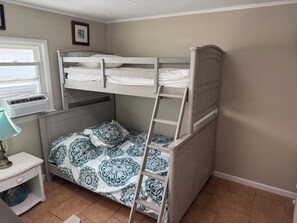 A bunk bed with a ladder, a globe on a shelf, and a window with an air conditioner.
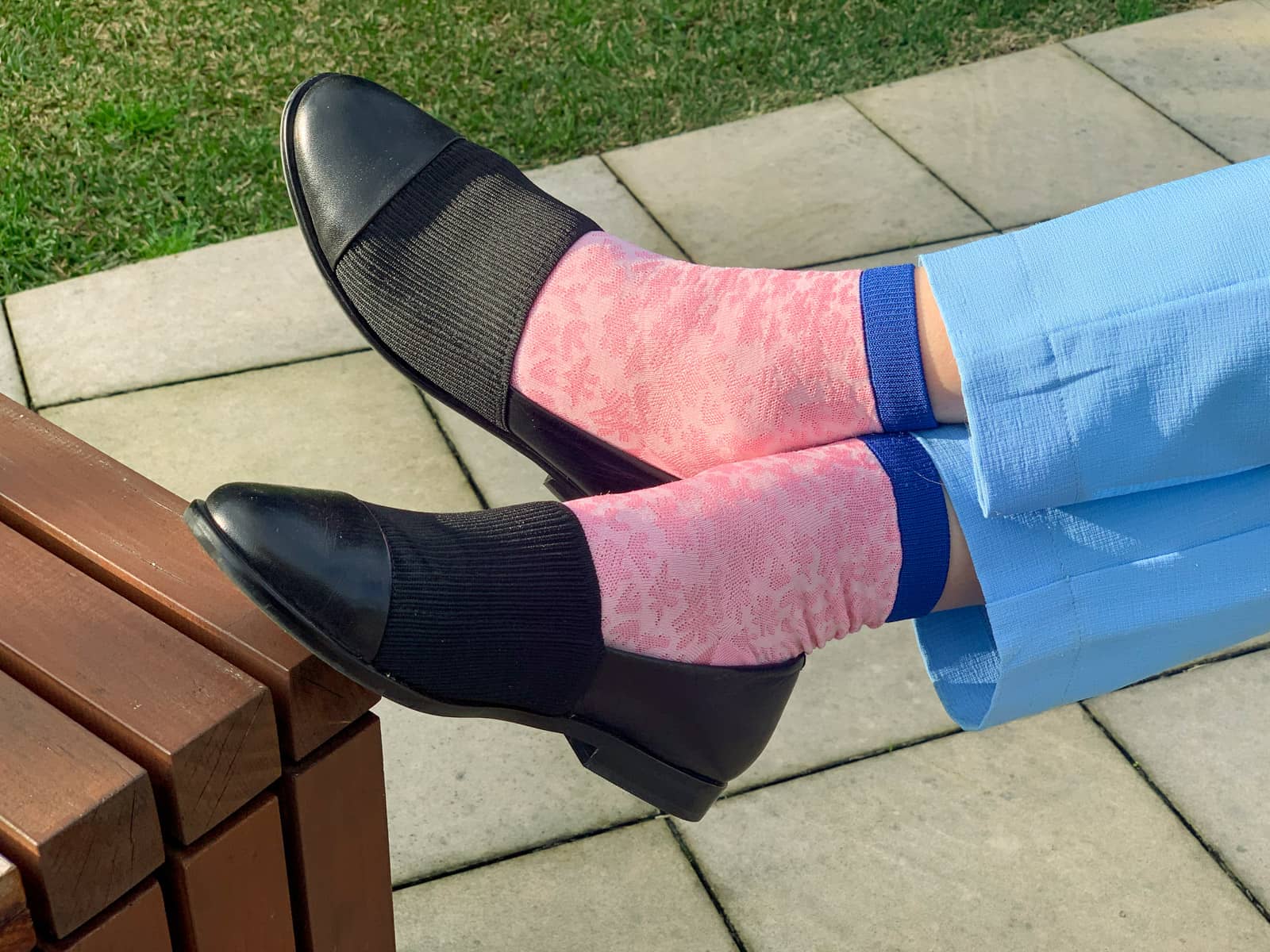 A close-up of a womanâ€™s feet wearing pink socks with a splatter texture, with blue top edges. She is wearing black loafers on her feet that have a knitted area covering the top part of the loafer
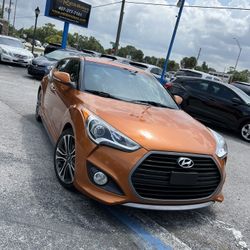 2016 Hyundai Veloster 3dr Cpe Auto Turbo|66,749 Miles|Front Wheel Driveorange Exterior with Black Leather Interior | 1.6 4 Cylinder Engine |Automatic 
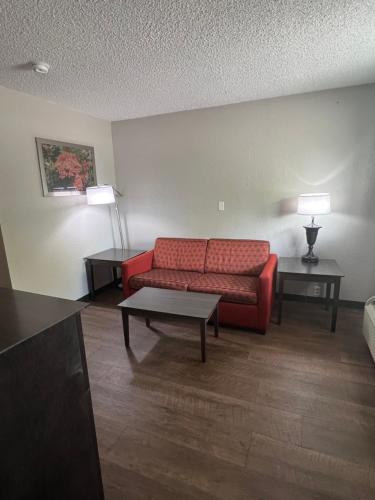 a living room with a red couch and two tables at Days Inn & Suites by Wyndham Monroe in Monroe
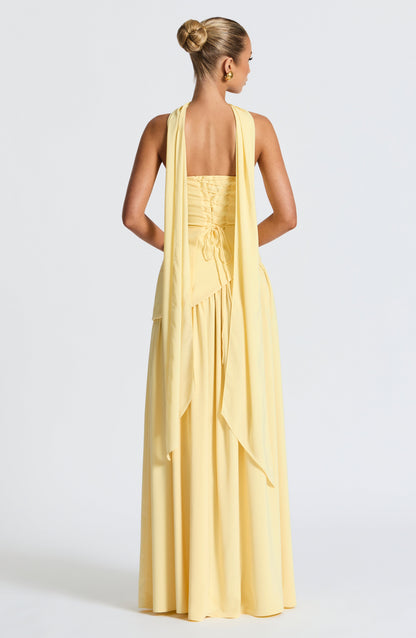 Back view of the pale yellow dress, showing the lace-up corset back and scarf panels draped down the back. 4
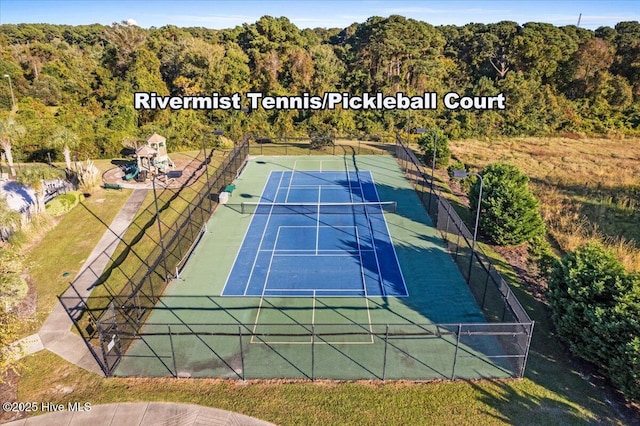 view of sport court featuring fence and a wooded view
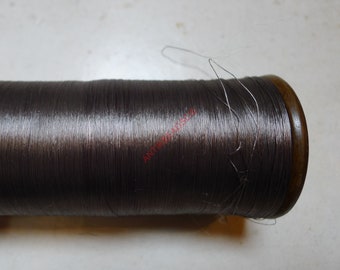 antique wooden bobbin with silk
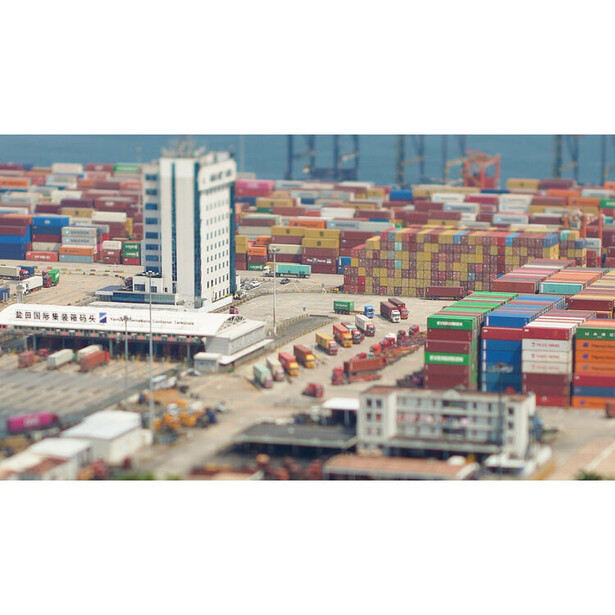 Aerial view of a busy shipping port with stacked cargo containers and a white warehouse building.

### INSTRUCTIONS FOR THE TASK:
Print all entries exactly. The images do not belong in the copy.

### WRITTEN REPLY:
 A bunk bed with a ladder, a globe on a shelf, and a window with an air conditioner.
 A close-up of a womanâ€™s feet wearing pink socks with a splatter texture, with blue top edges. She is wearing black loafers on her feet that have a knitted area covering the top part of the loafer
 2016 Hyundai Veloster 3dr Cpe Auto Turbo|66,749 Miles|Front Wheel Driveorange Exterior with Black Leather Interior | 1.6 4 Cylinder Engine |Automatic 
 a living room with a red couch and two tables at Days Inn & Suites by Wyndham Monroe in Monroe
 Back view of the pale yellow dress, showing the lace-up corset back and scarf panels draped down the back. 4
 view of sport court featuring fence and a wooded view
 antique wooden bobbin with silk
 Aerial view of a busy shipping port with stacked cargo containers and a white warehouse building.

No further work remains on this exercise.